Dessa forma, o lado que conseguir fazer sobressair sua tese – de que o governo será interrompido ou não – tende a ganhar mais votos. A articulação política, tal como no mercado, tem trabalhado em cima de expectativas.

Uma importante arma da ala governista, o ex-presidente Luiz Inácio Lula da Silva, pode ter seu poder de convencimento reforçado caso tome posse na Casa Civil antes da votação em plenário. “A conversa de bastidor que se fala na imprensa é de que o governo seria feito pelo ex-presidente Lula, com uma repactuação, o que daria condições de sobrevida do governo”, afirma o diretor da Eurasia.

Feitos os cálculos, o que se deve ter em mente é que em menos de uma semana poder-se-á definir a continuidade do governo Dilma Rousseff.

A mobilização à esquerda foi muito forte nos últimos dias. O impeachment começou a semana com menos chances do que na semana anterior devido à forte mobilização de intelectuais, advogados, juristas, artistas, movimentos sociais, militância nas redes sociais. Mas, sobretudo, a difusão internacional do que está acontecendo no Brasil concorreu para reduzir as chances do golpe.

Nesse aspecto, na última quarta-feira (6) a Folha de São Paulo publicou uma bomba. O impeachment de Dilma foi duramente criticado pelo celebrado jornalista norte-americano Glenn Greenwald, quem iniciou a divulgação, através do jornal britânico The Guardian, das informações sobre os programas de vigilância global dos Estados Unidos pela NSA, revelados em junho de 2013 através dos documentos fornecidos por Edward Snowden, um ex-administrador de sistemas da CIA que tornou públicos detalhes de programas que constituem o sistema de vigilância global da NSA americana e que está sendo caçado pelo governo norte-americano por isso.

Greenwald, hoje refugiado no Rio de Janeiro, é cofundador do site especializado em reportagens sobre política nacional e externa The Intercept. É vencedor do Prêmio Pulitzer de Jornalismo em 2014 e do Prêmio Esso de 2013. Sua voz tem forte repercussão internacional.

Nesse contexto, trecho inicial de seu artigo na Folha mencionado acima revela como está sendo visto, fora do Brasil – sobretudo nos países desenvolvidos -, o processo que busca tirar Dilma do Poder sem causas justificáveis.
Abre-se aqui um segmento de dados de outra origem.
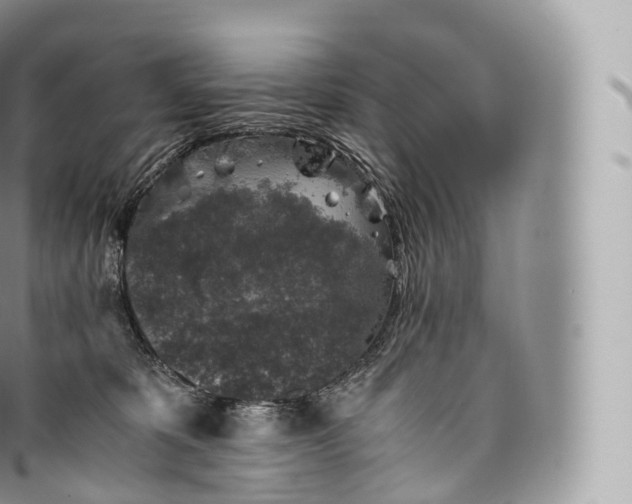 X0000096480325200802141728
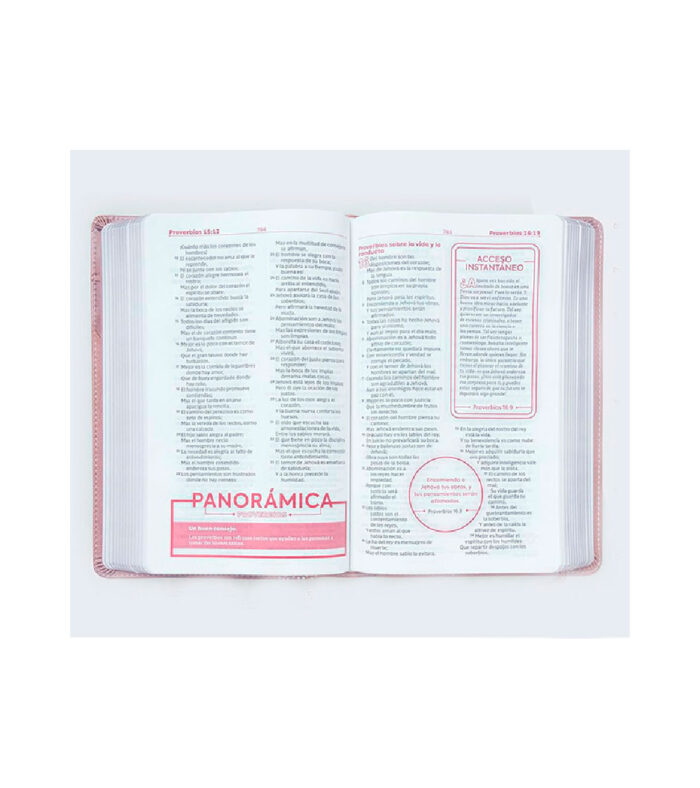 Biblia de Estudio para Jovenes – RV 1960 – Imitacion piel Rosa - Image 3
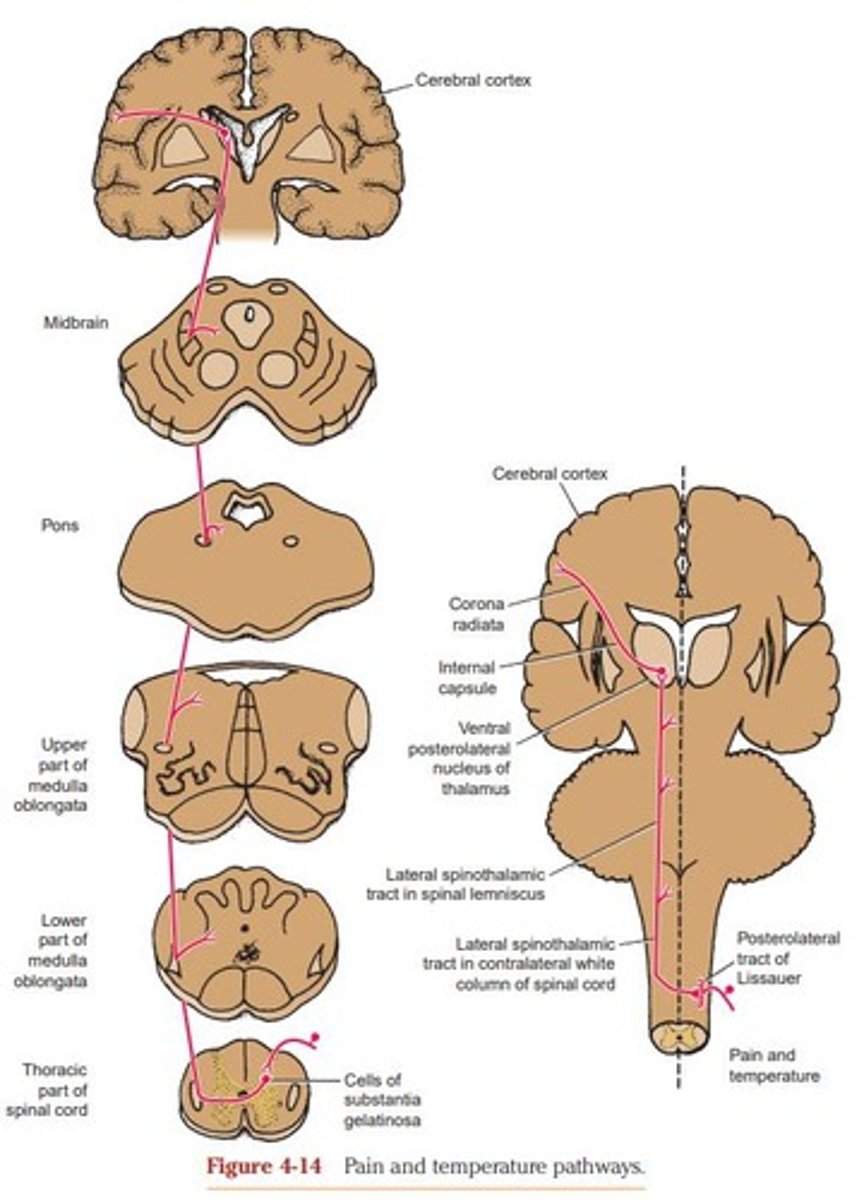 <p>Pain and temperature sensations.</p>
Os três primeiros parágrafos do texto de Greenwald bastam para explicar por que o impeachment perdeu força nos últimos dias.

O fato mais bizarro sobre a crise política no Brasil é também o mais importante: quase todas as figuras políticas de relevância que defendem o impeachment da presidenta Dilma Rousseff –e aqueles que poderiam assumir o país no caso de um eventual afastamento da mandatária– enfrentam acusações de corrupção bem mais sérias do que as que são dirigidas a ela.

De Michel Temer a Eduardo Cunha, passando pelos tucanos Aécio Neves e Geraldo Alckmin, os adversários mais influentes de Dilma estão envolvidos em chocantes escândalos de corrupção que destruiriam a carreira de qualquer um numa democracia minimamente saudável.

Na verdade, a grande ironia desta crise é que enquanto os maiores partidos políticos do país, inclusive o PT, têm envolvimento em casos de corrupção, a presidenta Dilma é um dos poucos atores políticos com argumentos fortes para estar na Presidência da República e que não está diretamente envolvido em casos de enriquecimento pessoal (…)”

A reação progressista ao impeachment que se espalha pelo mundo já preocupa figuras públicas que têm apreço pela própria biografia. Juristas, artistas, intelectuais, movimentos sociais, pensadores de todas as partes não querem se confundir ou ser acusados de leniência com o que parece, cheira e soa como um golpe praticamente desabrido, de tão fácil de diagnosticar.

Porém, o cálculo político imediatista, a ânsia pelo Poder e uma maioria de políticos que não está nem aí para “essa coisa de biografia” ainda são os fatores determinantes do destino do governo Dilma.

Nesse aspecto, só a continuidade inabalável do combate decidido que a esquerda começou a dar ao golpismo da direita político-jurídico-midiática pode manter o golpe onde está, ou seja, barrado. No dia da votação do golpe na Câmara, os fascistas estarão nas ruas para pressionar os deputados. Se a esquerda não se fizer presente, o golpe será consumado.